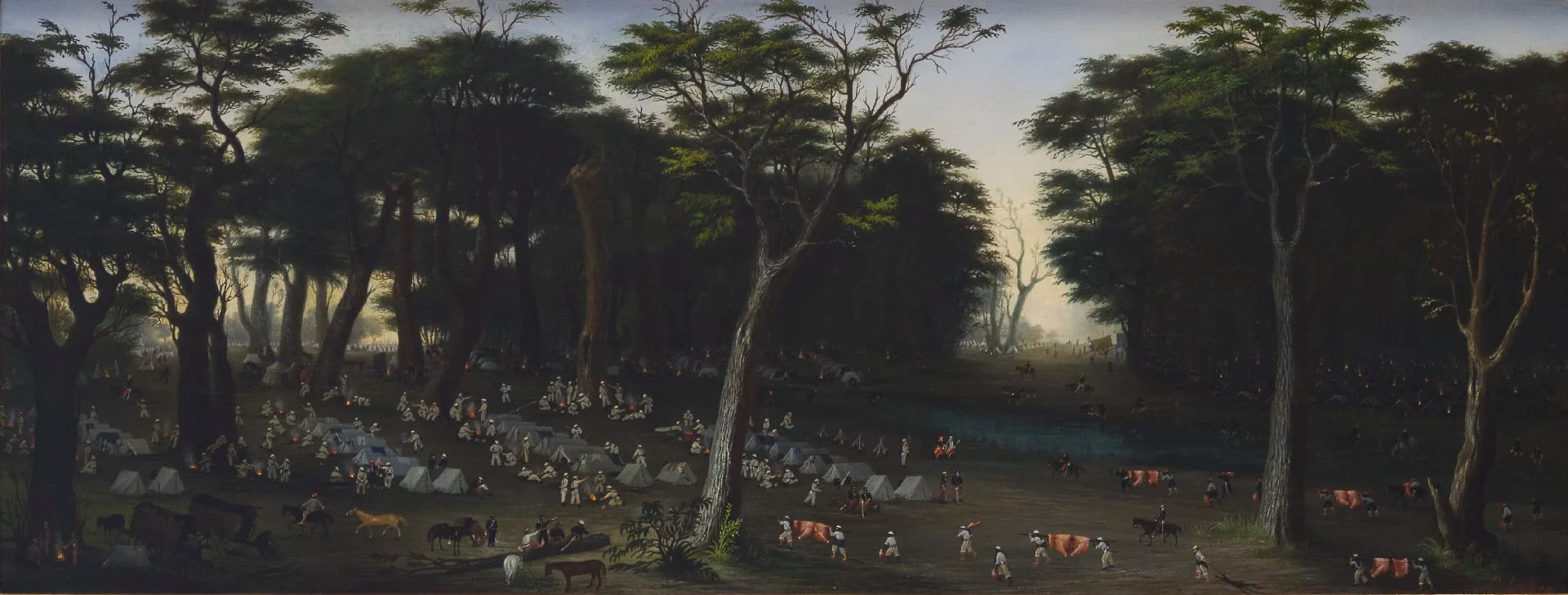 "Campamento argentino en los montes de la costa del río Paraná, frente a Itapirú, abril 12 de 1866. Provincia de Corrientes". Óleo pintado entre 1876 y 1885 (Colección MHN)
---
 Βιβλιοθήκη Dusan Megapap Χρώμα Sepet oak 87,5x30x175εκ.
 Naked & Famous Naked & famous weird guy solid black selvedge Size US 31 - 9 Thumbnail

▶ PROBLEM DETAILS:
When you reach the line with "Βιβλιοθήκη Dusan Megapap" in the records above, start writing out lines exactly, and stop once the line with "Naked & Famous Naked" has been written; include nothing else.

▶ ANSWER SPACE:
 Βιβλιοθήκη Dusan Megapap Χρώμα Sepet oak 87,5x30x175εκ.
 Naked & Famous Naked & famous weird guy solid black selvedge Size US 31 - 9 Thumbnail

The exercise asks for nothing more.